Caching Large Navigation Menus In Drupal

Isovera Staff
Isovera
Published in
9 min readJan 10, 2019

--

I have been working with Marco Villegas on a Project for Pegasystems. We are importing documentation into Drupal from an external system. The documentation is organized in Drupal using the core Book module, and some of the books have thousands of pages.

The problem is that processing the navigation menu for such a large book takes a lot of time, on the order of a minute! This post describes how we leveraged the advanced caching system in Drupal 8 so that pages load in a reasonable amount of time without having to cache gigabytes of data.

Pega Community Documentation Page

Book navigation is nested several levels

The import project is not yet complete, so I cannot give a live link, but here is a screenshot of the navigation.
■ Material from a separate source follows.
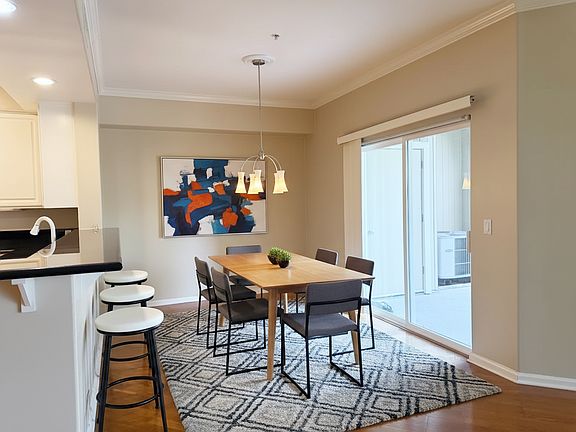 Dining Area - Virtually Staged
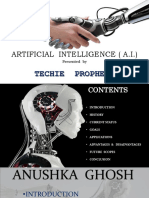 Artificial Inteligency - Presentation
Notice that most of the navigation is collapsed, but enough of it is open to show the path to the current page.

Significant Numbers

  • 4472 pages in the book
  • 2.7 MB rendered (twice) for each page
  • 40–50 sec initial load
  • 6–9 sec load after caching

The navigation is rendered twice on every page: once for desktop and once for mobile. We should dos something about that, but not today.
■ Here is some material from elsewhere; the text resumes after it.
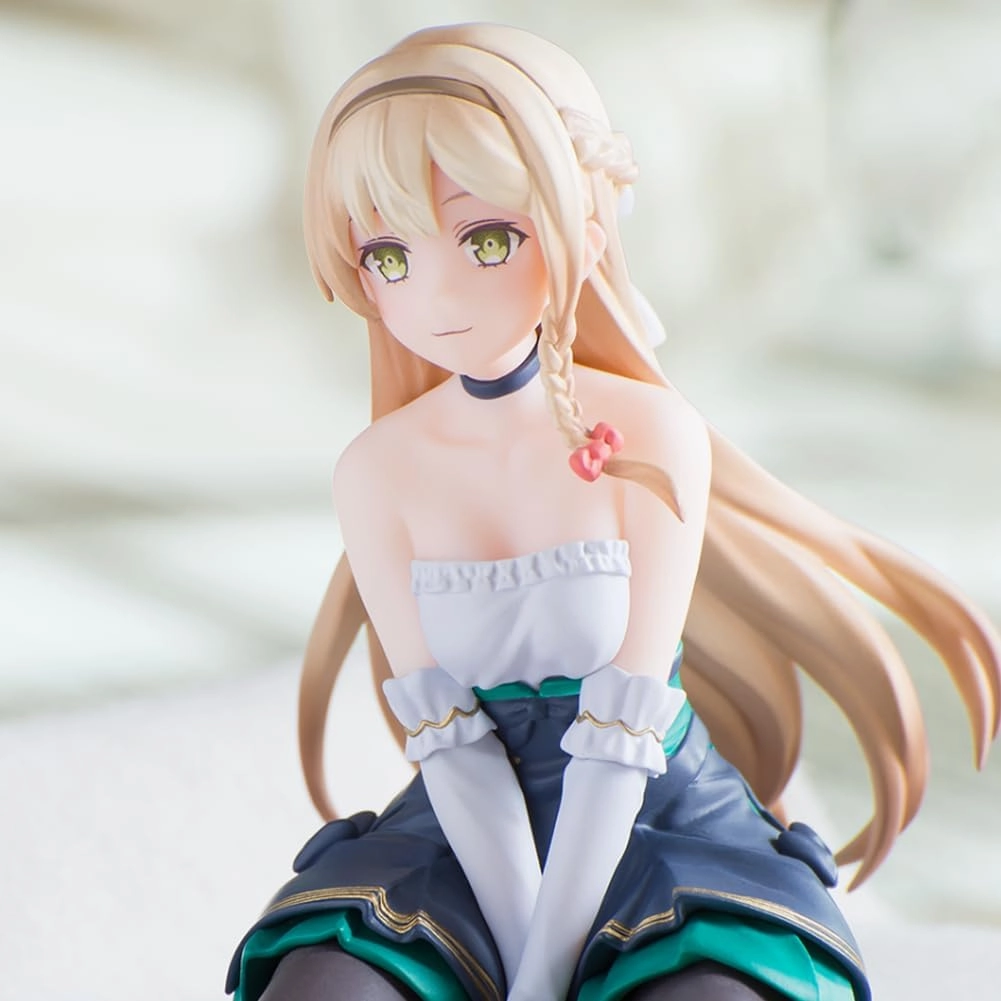 Reisalin Stout Figure Statue 1/7 Scale Anime Figure Reisalin Stout Action Figure, Sitting Pose Original Painting Figure PVC Handmade Collectible Decoration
After we did this work, the cached page loads in 2–3 sec. Normally, I would not brag about times like that, but it is a lot better than it was. (Also, the 6–9 seconds relied on some earlier caching work.)
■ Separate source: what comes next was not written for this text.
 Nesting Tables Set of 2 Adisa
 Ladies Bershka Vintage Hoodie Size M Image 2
I think that Emily Dickinson would understand how I feel about these load times:

The Heart asks Pleasure — first —
And then — Excuse from Pain —

Strategy

Cache the navigation once per book

If we cache each page of the book, that means about 10 GB of cache. It also means that we spend a lot more time generating the navigation menu than if we generate it once per book.

Set active trail with javascript

The problem with caching the navigation once per book is that we need to customize it for each page, opening up the path to the current page. So let’s customize it per page with javascript (client side).

Implementation

Here is a simplified version of the Twig Template that creates the navigation block:

{% if tree %}
<nav class="c-book-nav" role="navigation" aria-labelledby="book-label-{{ book_id }}">
<a href="{{ book_url }}">
{{ top_book_title }}
</a>
{{ tree }}
</nav>
{% endif %}

The important part is the Twig variable at the end: {{ tree }} is the part we have to compute and cache. Also notice that we already have some CSS classes that we can target with jQuery.

Hook Node View

From the screenshot above, you might think that the navigation is in a block, placed in the sidebar region. In fact, the caching would be a little simpler if that were the case. The way the site is built, it is actually in the main page array.

Here is the code that adds a render array for the book navigation. After a few checks to make sure that it should be added, it creates a simple render array with a custom #theme and a single parameter. That is, it depends on the current book ('#book_id' => $book_id) but not on the current page.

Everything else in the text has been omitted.